(Beginning of GIVEN RECORDS)
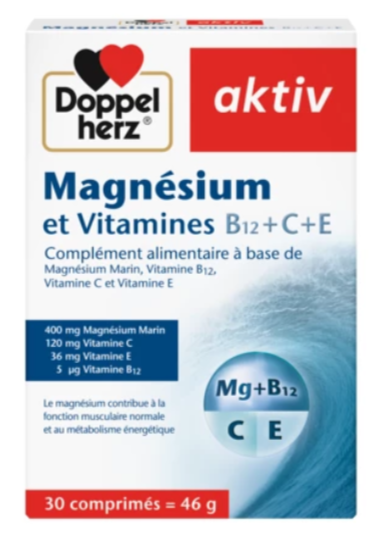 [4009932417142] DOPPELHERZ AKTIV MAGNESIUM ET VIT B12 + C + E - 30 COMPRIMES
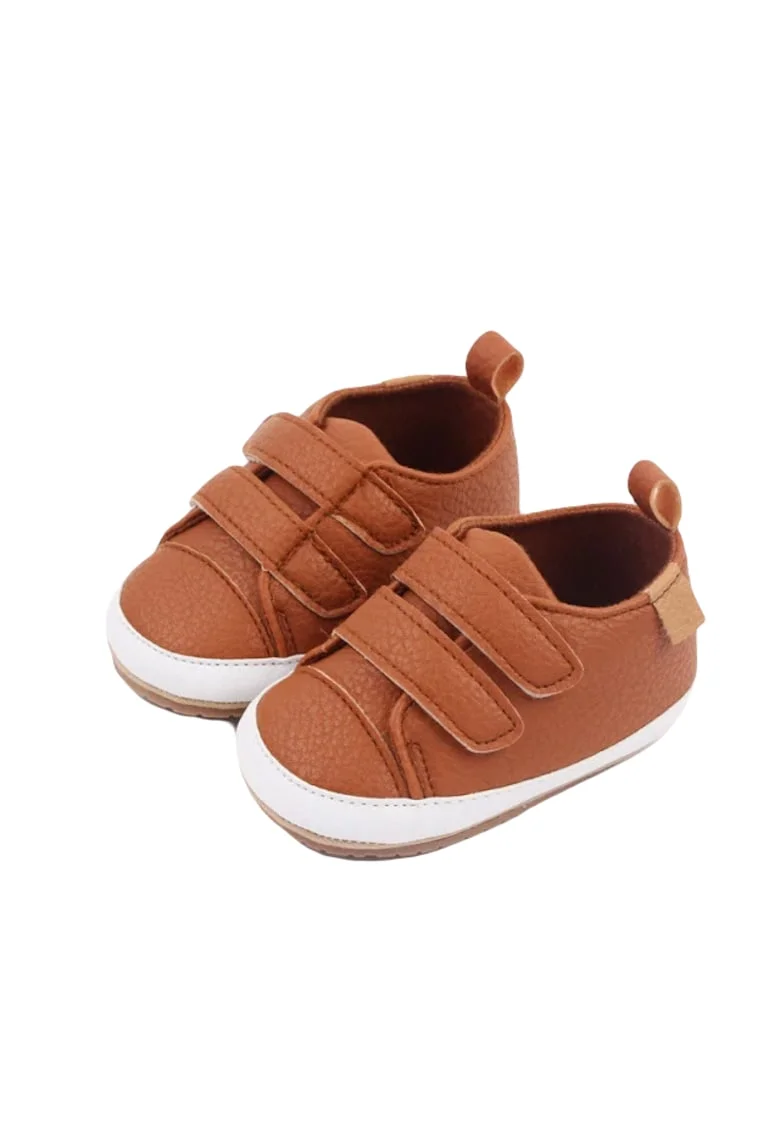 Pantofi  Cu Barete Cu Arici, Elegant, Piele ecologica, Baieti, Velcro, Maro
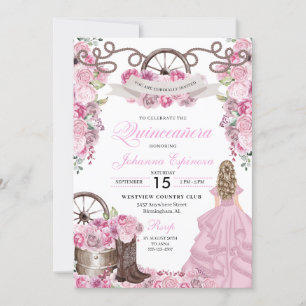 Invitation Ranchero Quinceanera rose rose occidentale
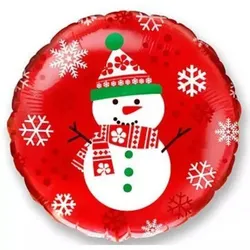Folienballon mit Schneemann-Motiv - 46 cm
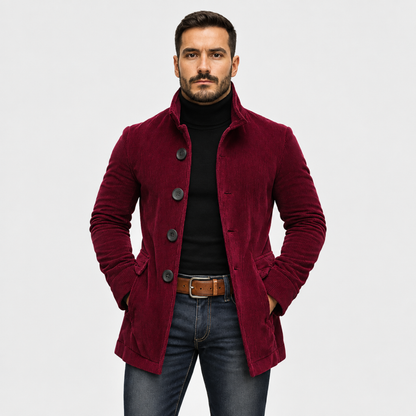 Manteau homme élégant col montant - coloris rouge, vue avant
(End of GIVEN RECORDS)
(Beginning of GIVEN RECORDS)
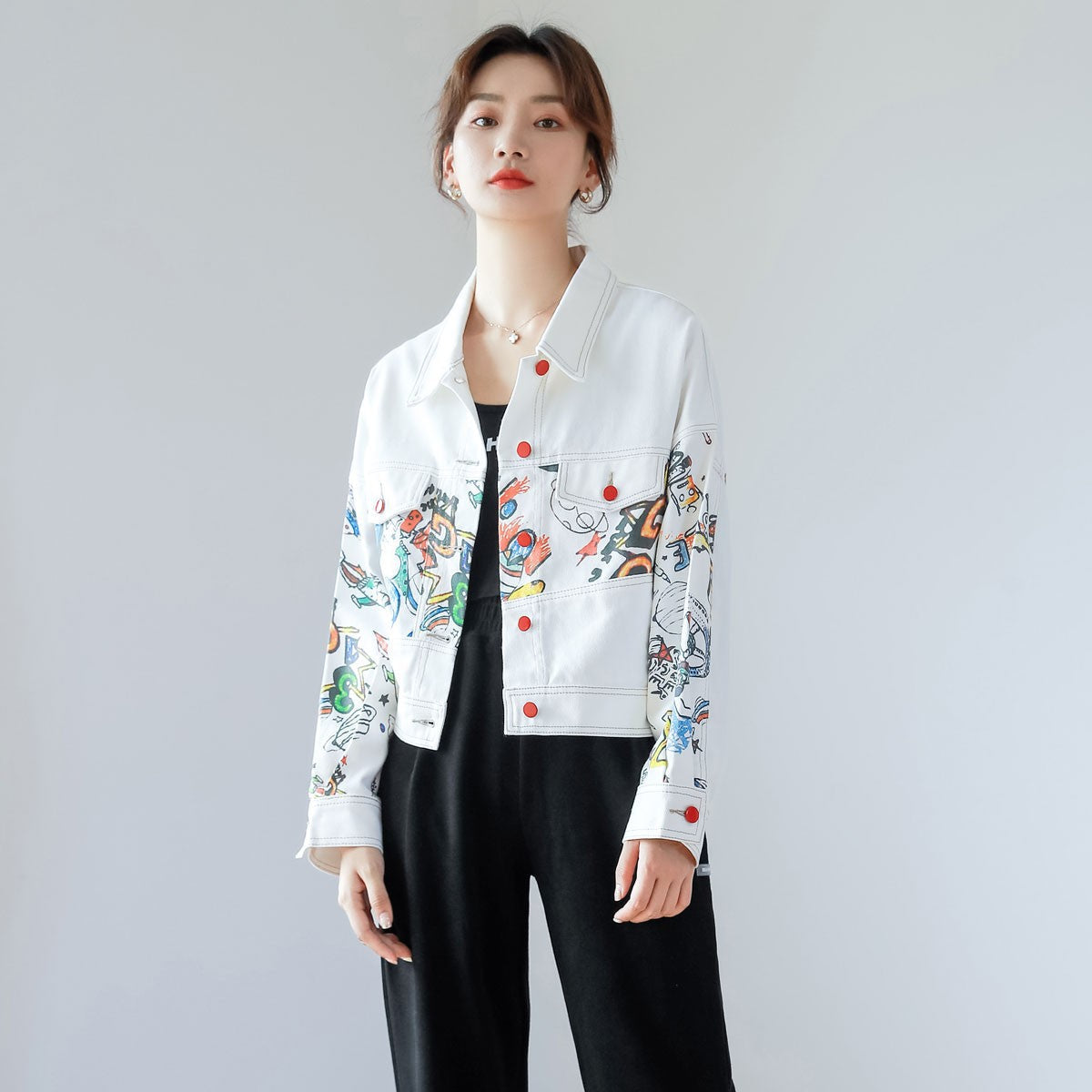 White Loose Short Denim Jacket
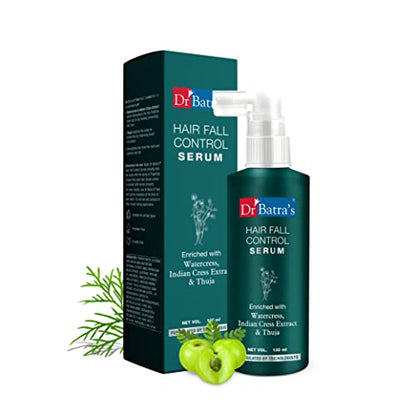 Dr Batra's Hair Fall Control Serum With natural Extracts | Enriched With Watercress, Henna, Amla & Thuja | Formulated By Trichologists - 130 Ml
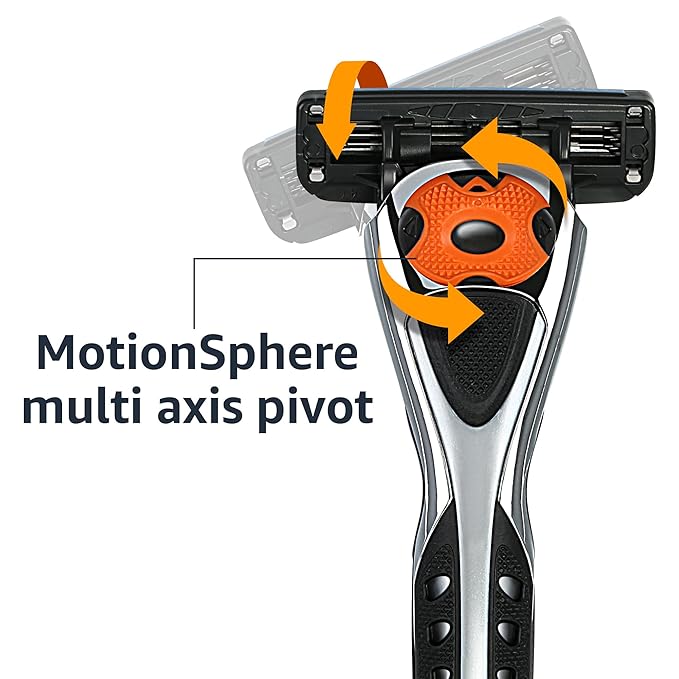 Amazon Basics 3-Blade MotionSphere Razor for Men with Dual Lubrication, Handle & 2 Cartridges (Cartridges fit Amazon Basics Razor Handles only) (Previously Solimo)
(End of GIVEN RECORDS)
→ **EXERCISE DIRECTIONS**
Using the entries above, extract exactly the lines from the one that contains "Dr Batra's Hair" through the one that contains "Amazon Basics 3-Blade". Do not carry over any pictures.

→ **RESULT**
 Dr Batra's Hair Fall Control Serum With natural Extracts | Enriched With Watercress, Henna, Amla & Thuja | Formulated By Trichologists - 130 Ml
 Amazon Basics 3-Blade MotionSphere Razor for Men with Dual Lubrication, Handle & 2 Cartridges (Cartridges fit Amazon Basics Razor Handles only) (Previously Solimo)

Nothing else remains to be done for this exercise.